▸ **Assigned task**
In the entries that follow, the first line to write out is the one containing "Protect Our American", and the last is the one containing "Plakatkostenplaner Gebiete". Reproduce that stretch exactly, with nothing before or after it.

▸ **Records for the task**
+-------+

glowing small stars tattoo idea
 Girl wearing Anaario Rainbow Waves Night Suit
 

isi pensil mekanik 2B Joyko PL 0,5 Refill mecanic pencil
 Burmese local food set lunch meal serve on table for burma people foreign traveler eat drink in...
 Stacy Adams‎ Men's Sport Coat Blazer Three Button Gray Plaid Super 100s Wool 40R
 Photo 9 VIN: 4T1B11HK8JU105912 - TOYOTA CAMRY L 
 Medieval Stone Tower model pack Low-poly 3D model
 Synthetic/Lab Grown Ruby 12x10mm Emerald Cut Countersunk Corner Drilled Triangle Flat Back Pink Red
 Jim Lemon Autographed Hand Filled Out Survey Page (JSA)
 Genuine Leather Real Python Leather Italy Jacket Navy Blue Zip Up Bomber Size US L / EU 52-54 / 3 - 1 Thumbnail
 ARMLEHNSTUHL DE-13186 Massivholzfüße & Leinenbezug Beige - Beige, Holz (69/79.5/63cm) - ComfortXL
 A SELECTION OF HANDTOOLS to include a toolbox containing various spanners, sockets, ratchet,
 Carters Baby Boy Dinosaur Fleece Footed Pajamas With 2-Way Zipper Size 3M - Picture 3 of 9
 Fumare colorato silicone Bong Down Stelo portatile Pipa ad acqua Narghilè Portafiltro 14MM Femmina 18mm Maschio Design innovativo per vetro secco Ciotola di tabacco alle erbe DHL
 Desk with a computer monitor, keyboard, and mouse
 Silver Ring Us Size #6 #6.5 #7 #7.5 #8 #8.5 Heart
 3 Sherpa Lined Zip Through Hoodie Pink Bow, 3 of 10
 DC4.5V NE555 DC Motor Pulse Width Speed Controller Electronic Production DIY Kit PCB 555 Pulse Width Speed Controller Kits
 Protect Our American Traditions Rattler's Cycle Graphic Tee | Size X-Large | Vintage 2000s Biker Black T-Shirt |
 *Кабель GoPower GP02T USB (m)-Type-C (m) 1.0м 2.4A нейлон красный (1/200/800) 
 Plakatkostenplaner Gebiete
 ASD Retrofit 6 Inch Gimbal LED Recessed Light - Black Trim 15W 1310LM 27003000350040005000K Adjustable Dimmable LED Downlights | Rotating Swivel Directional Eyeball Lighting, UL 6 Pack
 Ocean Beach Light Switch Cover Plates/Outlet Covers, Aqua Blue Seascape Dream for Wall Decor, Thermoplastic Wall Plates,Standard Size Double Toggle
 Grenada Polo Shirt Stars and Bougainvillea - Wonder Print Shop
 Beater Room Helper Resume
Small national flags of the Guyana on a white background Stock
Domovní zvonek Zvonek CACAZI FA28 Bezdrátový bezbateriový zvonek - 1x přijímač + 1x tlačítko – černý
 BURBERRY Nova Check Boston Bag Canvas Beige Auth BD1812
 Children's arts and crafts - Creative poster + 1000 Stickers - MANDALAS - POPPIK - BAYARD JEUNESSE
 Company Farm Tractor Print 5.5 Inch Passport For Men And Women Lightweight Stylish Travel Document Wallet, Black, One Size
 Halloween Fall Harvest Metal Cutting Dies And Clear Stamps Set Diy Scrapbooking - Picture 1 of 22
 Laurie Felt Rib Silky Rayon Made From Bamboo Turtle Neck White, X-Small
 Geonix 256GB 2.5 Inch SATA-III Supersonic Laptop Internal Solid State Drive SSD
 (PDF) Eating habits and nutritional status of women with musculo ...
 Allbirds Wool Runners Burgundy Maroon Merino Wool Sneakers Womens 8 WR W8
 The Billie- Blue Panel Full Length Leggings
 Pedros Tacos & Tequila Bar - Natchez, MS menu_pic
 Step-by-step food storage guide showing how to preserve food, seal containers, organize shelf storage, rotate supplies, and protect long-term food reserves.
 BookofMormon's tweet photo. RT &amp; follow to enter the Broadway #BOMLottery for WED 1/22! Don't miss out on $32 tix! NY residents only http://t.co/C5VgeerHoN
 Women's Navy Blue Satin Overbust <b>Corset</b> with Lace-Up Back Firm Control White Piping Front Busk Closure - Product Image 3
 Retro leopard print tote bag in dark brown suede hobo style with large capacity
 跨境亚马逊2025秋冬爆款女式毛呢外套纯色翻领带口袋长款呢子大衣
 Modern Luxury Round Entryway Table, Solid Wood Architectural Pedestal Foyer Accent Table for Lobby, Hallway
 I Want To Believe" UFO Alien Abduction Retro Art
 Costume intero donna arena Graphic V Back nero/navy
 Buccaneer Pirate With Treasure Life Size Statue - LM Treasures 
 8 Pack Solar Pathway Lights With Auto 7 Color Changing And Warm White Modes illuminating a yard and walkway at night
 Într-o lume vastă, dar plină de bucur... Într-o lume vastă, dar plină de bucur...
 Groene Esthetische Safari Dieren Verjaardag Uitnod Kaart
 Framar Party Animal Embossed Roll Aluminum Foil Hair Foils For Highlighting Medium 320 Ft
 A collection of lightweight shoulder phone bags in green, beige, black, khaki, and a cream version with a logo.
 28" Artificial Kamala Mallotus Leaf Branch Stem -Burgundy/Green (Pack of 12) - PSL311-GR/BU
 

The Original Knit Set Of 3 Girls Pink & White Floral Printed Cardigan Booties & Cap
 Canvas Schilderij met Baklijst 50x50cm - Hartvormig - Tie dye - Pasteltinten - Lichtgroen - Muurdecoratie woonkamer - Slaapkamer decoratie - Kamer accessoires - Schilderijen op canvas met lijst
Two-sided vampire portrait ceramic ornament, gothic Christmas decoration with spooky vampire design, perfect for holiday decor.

+-------+

▸ **The answer**
 Protect Our American Traditions Rattler's Cycle Graphic Tee | Size X-Large | Vintage 2000s Biker Black T-Shirt |
 *Кабель GoPower GP02T USB (m)-Type-C (m) 1.0м 2.4A нейлон красный (1/200/800) 
 Plakatkostenplaner Gebiete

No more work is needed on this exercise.